Cash walk: The Bank of Botswana has moved to ease the liquidity crunch
 
Cash walk: The Bank of Botswana has moved to ease the liquidity crunch

With the industry facing shortages of loanable funds due to a prolonged period of over-extended lending without commensurate growth in deposits, banks have embarked on a deposit rummage offering unusually high returns for savers.

Sitting on over P10 billion in excess liquidity just two years ago, banks did not need to make any effort to attract deposits and offered menial interest rates to those that held any extra cash for savings.

So liquid were the banks that not only did they offer miniature returns but cash deposits also attracted high handling charges, all this contributing to a low savings culture among Batswana.

High account maintenance costs added to other transactions charges and contributed to the indifferent savings culture as any interest accrued on savings accounts was often eroded by the exorbitant fees

Fast forward to 2015 and the tables have turned, with excess dropping by 80 percent.
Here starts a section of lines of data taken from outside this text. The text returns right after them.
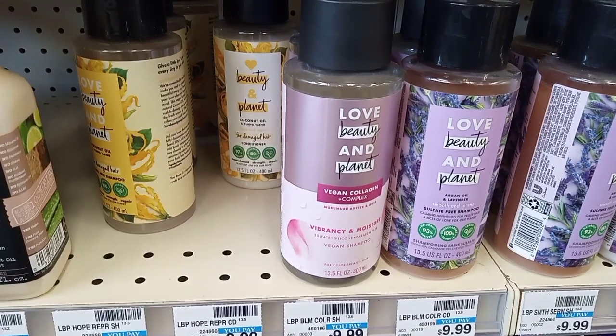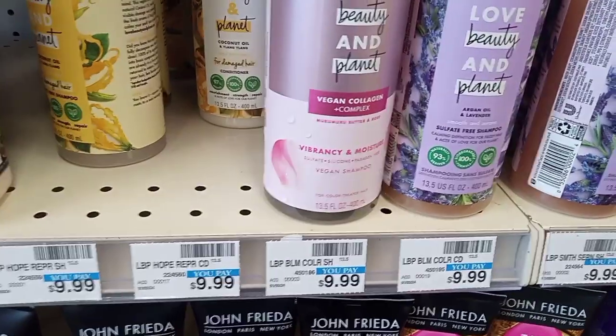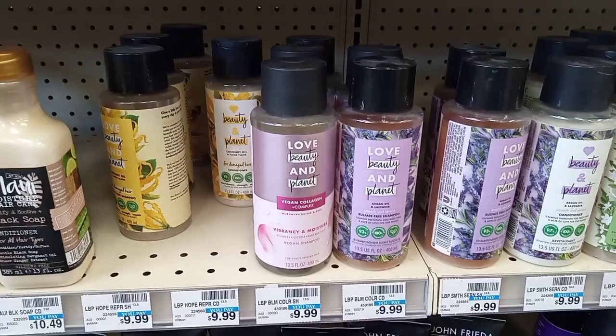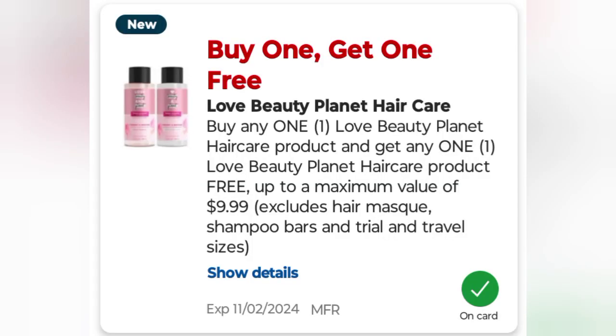The first deal is, in my opinion, the best deal of the week. The Love Beauty and Planet products are $9.99 each, on promotion for buy one get one free, so picking up two equals $9.99. We're going to use a buy one get one free digital coupon that takes off the other $9.99, leaving me to pay $0.70. No extra bucks, but a good deal.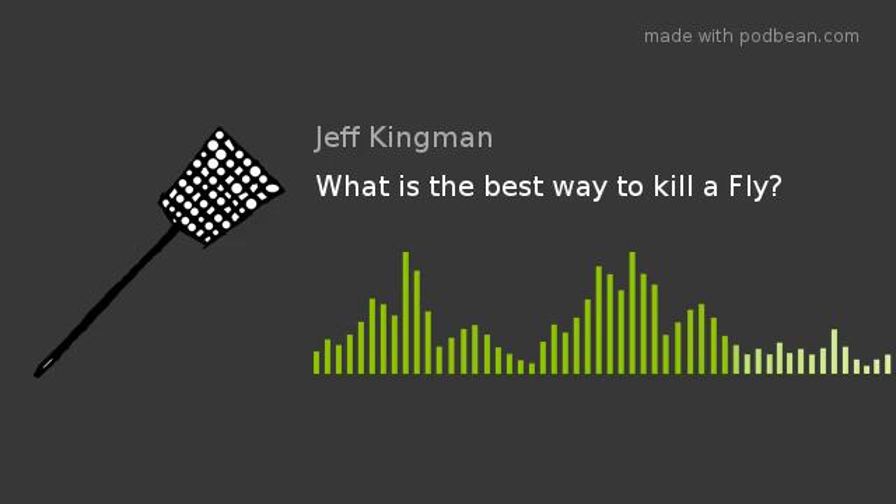Subscribe to the Jeff and Jeremy Podcast now on Apple Podcasts, Spotify, Google, and YouTube. It's your Central Coast Commute-Friendly Podcast.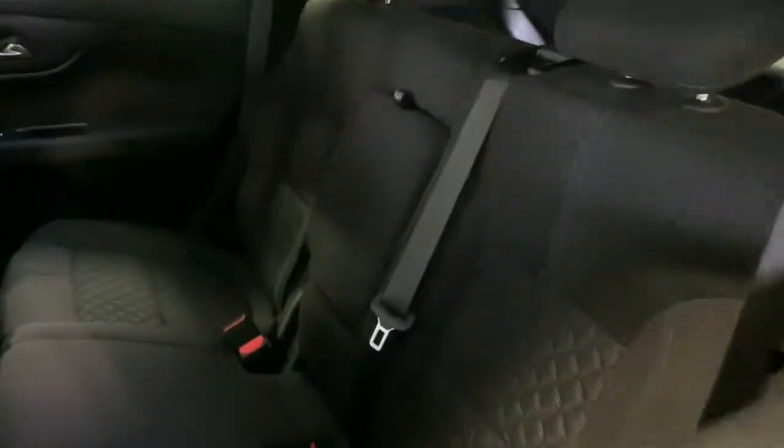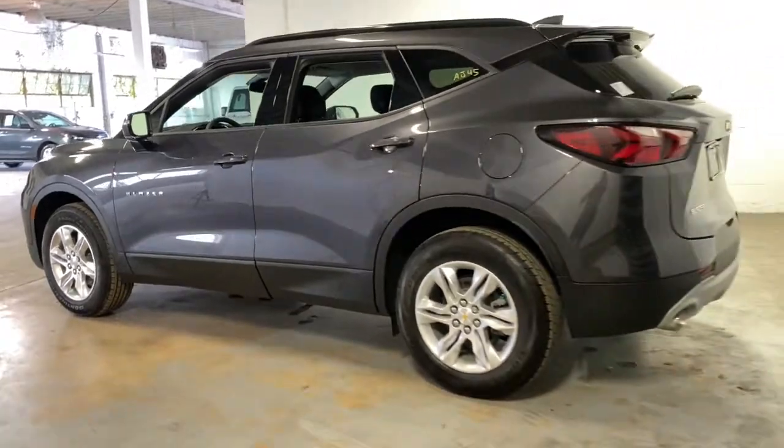Don't miss the opportunity to take this vehicle out for a test drive. Our team will give you an outstanding customer experience. Stop in today.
Banks are now forced to aggressively pursue the once unimportant depositor offering lucrative interest rates even to small time savers.
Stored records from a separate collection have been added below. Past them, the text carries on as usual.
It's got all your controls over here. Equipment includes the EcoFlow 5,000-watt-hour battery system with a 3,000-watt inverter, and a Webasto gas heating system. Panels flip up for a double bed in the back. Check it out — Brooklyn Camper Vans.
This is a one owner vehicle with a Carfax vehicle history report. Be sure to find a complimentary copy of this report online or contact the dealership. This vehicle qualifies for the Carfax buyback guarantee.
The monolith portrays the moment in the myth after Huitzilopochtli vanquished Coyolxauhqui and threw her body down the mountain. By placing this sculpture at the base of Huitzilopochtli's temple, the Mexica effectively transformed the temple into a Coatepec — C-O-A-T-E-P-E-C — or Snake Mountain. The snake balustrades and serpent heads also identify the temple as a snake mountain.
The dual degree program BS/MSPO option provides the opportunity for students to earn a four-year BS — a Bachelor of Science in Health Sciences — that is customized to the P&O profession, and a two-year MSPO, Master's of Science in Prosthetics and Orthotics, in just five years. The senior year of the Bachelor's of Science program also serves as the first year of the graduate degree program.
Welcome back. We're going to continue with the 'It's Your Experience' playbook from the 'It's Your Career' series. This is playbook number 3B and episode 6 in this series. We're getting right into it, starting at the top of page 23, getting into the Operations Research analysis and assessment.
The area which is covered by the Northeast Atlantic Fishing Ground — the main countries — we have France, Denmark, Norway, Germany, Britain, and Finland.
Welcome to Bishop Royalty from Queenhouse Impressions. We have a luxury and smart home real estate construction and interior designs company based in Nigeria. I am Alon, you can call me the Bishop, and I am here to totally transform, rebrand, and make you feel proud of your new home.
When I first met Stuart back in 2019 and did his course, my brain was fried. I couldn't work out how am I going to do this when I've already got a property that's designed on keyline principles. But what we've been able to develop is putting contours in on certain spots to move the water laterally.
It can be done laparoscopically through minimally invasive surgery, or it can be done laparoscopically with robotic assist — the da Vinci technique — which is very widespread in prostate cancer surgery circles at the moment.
A snap survey of the banks’ deposits rates shows that the liquidity crunch has pushed up the cost of funds for the banks as deposits rates have raised, a development that will further squeeze profit margins in the prevailing low lending rates environment.
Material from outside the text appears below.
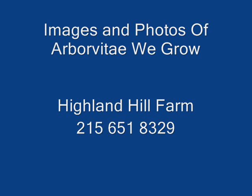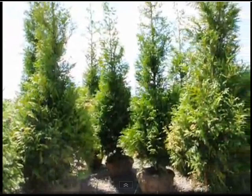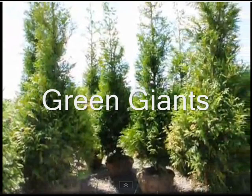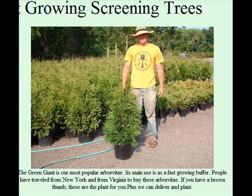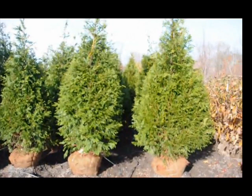This video is to show you images of arborvitaes that we grow on our Fountainville, PA farm. They're great for screening, buffering, and privacy fences. We grow many different types.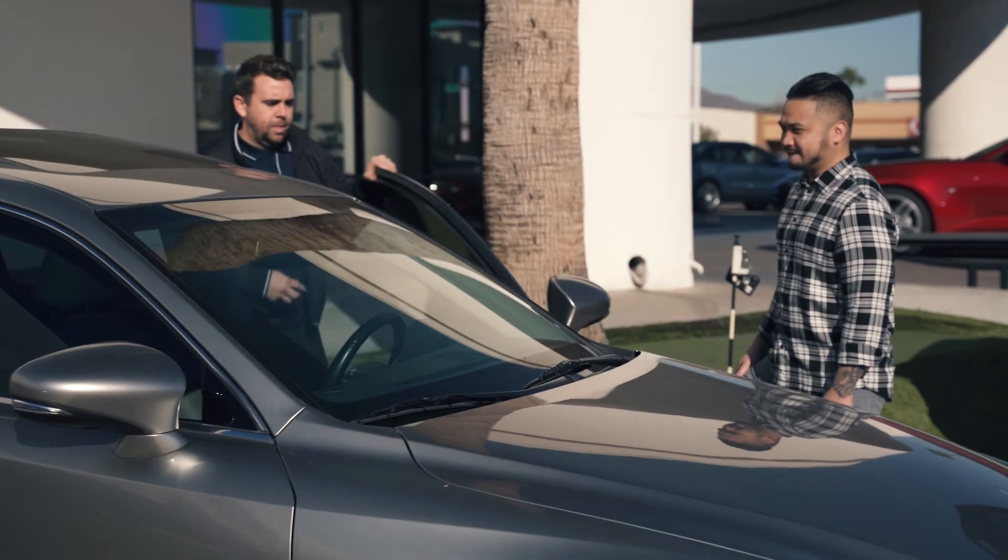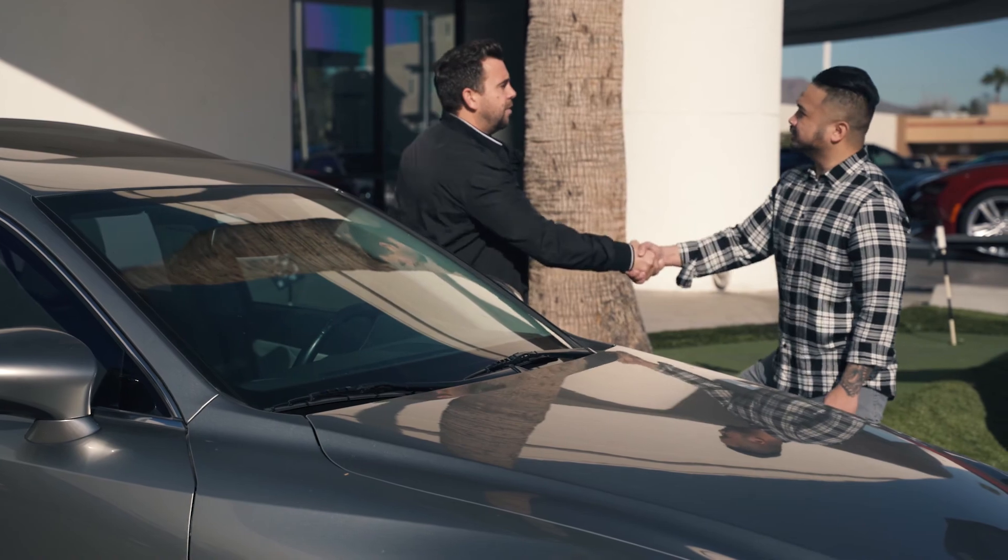Finally, bring your car to Certified Benz and Beamer for an inspection and enjoy your trade-in credit.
 Although it registered the highest deposit growth rate among local commercial banks in 2014, Standard Chartered bank is leading the scramble for savers offering an unprecedented “Cool 8” percent return on a fixed one-year deposit of a minimum of P20, 000.

Other banks, including Barclays and First National Bank (FNB) have also revised their deposits rates upwards.

In the past six months, deposit rates for smaller depositors of a minimum P1,000 have slightly gone up from an average of about 3.75 percent to 4.10 percent for six months fixed deposits. For 12-month fixed deposits, rates have gone up from 3.15 percent to 4.85 while two-year deposits have gone up from 4.5 percent to five percent. 

 However, bigger institutions holding larger deposits for longer periods of time are able to negotiate higher deposit rates which have gone up to as much as   eight percent for a 3-month period.

 At the height of the liquidity shortages, banks were paying as much 11 percent for larger deposits of up to P100 million for a 3-month period, before the central bank intervened by halving the primary reserve requirements and thus releasing about P2, 3 billion of loanable funds to banks.

“Deposits rate have been gradually going up as banks now have to compete for funds due to the liquidity tightening. But while the costs of attracting funds for the banks is going up, they can’t increase the rate at which they lend out the funds as it is regulated due to its link to the declining bank rate. The low interest rates regime has also forced some institutions with larger pools of funds to look beyond Botswana for higher returns,” said a banking industry executive.

While the higher returns now offered by the banks will go some way in attracting deposits, analysts also say the low disposal incomes coupled with high unemployment will throw spanners in the banks’ works as there is just not enough new sources of deposits in the economy.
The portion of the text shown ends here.